Edfu (bḥdt, إدفو /ar/, ⲧⲃⲱ, ⲧⲃⲟ, ⲑⲃⲱ, ⲁⲧⲃⲱ; also spelt Idfu, or in modern French as Edfou) is an Egyptian city, located on the west bank of the Nile River between Esna and Aswan, with a population of approximately 60,000 people. Edfu is the site of the Ptolemaic Temple of Horus and an ancient settlement, Tell Edfu. About 5 km south of Edfu are remains of ancient pyramids.

==Ancient history==

=== Ancient Tell Edfu ===

The remains of the ancient settlement of Edfu are situated about 50 m to the west of the Ptolemaic temple – to the left of the older temple pylon. This settlement is known as Wetjeset-hor and the Greek name was Apollinopolis Magna (Ancient Greek: Apollinòpolis, Απολλινόπολις). According to Notitia Dignitatum, part of Legio II Traiana Fortis was camped in Apollo superior, which was the Roman name for the town.

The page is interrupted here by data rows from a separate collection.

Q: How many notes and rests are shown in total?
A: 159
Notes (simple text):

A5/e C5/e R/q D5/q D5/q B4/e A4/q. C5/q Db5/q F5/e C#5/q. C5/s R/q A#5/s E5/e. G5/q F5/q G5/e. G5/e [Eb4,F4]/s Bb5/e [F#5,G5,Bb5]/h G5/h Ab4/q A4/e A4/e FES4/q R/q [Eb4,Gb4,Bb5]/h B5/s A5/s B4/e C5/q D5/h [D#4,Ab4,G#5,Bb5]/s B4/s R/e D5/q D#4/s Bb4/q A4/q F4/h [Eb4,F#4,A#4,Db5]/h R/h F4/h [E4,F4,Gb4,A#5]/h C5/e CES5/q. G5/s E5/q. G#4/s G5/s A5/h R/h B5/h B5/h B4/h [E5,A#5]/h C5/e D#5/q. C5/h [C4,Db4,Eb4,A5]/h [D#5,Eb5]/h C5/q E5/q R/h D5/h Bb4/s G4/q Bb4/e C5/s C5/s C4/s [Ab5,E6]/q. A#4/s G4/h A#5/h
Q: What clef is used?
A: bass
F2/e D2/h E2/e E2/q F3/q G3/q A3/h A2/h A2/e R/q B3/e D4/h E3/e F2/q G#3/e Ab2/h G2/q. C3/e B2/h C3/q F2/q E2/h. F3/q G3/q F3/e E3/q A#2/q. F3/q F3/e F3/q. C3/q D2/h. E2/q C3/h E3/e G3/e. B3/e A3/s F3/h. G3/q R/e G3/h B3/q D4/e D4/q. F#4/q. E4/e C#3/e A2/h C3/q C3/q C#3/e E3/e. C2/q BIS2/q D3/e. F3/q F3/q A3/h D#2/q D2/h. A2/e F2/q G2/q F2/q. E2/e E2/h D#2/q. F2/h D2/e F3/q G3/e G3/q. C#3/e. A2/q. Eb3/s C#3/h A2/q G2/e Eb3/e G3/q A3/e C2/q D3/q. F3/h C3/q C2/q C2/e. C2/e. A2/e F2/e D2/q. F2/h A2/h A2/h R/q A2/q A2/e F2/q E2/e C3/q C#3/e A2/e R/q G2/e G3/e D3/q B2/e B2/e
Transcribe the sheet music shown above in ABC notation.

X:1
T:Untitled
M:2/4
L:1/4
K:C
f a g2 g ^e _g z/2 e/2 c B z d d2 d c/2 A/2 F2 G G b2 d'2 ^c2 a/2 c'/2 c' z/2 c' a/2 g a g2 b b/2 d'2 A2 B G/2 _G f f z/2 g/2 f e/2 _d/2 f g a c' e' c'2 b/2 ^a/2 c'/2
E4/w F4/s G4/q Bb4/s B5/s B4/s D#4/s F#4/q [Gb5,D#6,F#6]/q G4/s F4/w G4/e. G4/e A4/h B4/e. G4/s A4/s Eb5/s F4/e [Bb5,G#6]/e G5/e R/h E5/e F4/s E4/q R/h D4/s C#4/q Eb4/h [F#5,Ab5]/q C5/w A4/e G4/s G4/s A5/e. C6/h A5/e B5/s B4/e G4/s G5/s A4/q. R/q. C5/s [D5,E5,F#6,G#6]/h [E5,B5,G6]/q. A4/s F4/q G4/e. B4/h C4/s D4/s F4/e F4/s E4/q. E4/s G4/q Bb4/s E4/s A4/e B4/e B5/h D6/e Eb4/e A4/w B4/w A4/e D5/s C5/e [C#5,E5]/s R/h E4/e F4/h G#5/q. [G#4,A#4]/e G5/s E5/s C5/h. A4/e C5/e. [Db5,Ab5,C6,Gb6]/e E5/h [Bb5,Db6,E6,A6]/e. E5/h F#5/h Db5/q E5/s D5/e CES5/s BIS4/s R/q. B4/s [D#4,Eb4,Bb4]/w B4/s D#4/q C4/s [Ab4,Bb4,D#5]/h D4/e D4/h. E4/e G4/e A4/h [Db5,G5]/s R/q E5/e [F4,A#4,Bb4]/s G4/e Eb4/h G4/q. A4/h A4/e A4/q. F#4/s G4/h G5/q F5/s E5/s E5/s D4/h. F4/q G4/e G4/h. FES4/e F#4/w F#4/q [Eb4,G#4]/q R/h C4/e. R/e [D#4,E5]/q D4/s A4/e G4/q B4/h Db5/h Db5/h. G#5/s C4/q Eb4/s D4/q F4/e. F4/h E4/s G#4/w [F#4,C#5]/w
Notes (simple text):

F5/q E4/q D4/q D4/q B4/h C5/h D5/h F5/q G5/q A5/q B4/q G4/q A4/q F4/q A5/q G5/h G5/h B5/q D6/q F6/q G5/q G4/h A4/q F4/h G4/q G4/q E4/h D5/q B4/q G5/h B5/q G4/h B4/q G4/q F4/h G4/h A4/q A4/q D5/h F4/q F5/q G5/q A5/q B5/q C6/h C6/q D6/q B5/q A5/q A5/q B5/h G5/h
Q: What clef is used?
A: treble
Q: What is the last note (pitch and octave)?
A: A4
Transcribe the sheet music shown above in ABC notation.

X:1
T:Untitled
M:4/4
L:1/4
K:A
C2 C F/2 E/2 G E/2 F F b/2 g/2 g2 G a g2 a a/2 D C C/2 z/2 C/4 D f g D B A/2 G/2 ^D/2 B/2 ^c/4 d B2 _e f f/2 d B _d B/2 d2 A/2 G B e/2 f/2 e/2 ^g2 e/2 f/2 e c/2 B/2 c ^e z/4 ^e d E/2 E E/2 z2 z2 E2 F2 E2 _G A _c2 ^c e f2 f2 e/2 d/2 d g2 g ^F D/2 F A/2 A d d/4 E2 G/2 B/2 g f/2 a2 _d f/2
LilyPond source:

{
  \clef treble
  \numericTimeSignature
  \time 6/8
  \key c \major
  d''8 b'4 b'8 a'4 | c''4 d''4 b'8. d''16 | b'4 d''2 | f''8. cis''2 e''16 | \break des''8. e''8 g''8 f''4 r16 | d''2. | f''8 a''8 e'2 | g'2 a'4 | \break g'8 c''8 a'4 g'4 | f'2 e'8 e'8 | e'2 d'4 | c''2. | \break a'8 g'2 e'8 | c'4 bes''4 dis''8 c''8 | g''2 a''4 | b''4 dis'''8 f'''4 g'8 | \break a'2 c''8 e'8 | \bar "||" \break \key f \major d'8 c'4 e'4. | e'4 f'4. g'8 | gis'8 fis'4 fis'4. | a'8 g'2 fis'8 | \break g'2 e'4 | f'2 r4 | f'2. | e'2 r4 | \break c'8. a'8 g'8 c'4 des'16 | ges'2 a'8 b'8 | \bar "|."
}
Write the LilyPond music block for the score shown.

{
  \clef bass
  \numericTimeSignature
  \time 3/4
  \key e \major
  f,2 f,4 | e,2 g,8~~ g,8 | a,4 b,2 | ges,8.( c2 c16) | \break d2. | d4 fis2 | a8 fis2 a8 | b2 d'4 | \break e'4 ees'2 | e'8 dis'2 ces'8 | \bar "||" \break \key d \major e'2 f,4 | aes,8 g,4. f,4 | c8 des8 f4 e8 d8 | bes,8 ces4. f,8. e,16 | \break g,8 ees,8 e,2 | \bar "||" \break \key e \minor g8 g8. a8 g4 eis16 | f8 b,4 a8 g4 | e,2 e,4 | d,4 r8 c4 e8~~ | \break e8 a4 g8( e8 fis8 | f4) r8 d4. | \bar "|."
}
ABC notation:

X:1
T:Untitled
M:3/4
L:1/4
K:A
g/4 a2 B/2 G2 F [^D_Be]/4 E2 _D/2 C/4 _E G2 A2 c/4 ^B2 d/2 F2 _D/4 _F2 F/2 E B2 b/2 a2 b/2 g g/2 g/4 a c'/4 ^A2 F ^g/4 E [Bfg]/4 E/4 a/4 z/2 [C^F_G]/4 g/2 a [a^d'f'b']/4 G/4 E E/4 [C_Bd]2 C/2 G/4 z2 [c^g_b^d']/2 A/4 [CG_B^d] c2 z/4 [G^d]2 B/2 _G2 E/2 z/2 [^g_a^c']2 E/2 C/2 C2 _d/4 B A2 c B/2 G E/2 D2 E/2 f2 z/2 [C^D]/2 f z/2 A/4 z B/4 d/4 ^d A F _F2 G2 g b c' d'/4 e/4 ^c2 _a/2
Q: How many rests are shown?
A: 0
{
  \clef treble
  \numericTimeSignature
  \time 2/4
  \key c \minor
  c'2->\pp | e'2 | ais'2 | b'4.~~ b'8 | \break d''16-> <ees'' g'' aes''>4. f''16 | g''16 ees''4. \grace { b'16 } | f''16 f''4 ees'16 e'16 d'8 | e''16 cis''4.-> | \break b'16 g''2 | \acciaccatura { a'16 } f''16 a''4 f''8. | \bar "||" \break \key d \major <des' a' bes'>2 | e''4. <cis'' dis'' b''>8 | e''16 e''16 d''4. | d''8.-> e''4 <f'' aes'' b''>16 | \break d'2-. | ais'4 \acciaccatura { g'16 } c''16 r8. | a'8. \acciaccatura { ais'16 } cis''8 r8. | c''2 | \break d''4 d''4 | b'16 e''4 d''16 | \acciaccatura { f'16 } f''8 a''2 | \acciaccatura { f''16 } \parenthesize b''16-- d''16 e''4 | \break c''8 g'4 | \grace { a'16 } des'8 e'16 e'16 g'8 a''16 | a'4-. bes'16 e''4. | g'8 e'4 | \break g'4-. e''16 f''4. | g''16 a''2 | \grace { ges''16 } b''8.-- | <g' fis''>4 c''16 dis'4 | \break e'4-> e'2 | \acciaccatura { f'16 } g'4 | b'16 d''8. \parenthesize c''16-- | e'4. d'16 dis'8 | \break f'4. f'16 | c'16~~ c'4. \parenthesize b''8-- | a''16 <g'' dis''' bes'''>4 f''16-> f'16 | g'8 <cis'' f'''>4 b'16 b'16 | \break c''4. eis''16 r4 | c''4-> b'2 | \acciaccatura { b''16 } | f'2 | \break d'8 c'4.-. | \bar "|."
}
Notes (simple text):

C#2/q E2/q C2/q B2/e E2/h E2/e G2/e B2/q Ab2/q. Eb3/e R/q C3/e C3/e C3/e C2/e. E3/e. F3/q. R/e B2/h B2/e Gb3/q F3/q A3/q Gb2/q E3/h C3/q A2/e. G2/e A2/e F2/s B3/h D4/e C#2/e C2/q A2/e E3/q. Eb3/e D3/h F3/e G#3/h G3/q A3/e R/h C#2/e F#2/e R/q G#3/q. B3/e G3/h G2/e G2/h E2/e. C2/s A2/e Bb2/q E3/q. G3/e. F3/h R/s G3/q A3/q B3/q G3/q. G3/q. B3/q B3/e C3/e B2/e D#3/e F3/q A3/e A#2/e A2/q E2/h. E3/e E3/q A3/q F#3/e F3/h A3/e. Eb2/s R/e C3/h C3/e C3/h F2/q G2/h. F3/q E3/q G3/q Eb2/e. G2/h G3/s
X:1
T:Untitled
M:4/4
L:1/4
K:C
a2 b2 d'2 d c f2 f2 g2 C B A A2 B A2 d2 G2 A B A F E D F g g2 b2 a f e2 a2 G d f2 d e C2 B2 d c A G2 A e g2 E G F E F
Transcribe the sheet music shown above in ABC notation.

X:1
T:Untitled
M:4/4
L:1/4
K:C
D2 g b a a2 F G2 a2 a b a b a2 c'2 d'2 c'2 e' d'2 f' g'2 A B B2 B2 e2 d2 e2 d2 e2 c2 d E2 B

Although unassuming and unglamorous to the visiting tourists, Tell Edfu is a monument that contains evidence of more Egyptian history and is of more archaeological interest than the Ptolemaic temple. Although major parts of the settlement show severe signs of erosion, cut away or have been exposed during sebakh-digging, enough is preserved to gain information from as far back as the Predynastic Period. The remains of the settlement (tell) provide insight into the development of Edfu as a provincial town from the end of the Old Kingdom until the Byzantine period. The settlement at Edfu was the capital of the Second Upper Egypt nome, and played an important role within the region. The oldest part of the town which can be dated to the late Old Kingdom lies on the eastern part of the tell, not far from the Ptolemaic temple.
There is evidence that the town flourished during the First Intermediate Period when it expanded extensively to the west. It is one of few settlements in southern Egypt that thrived when it seems that the north, especially around the delta, was in economic decline.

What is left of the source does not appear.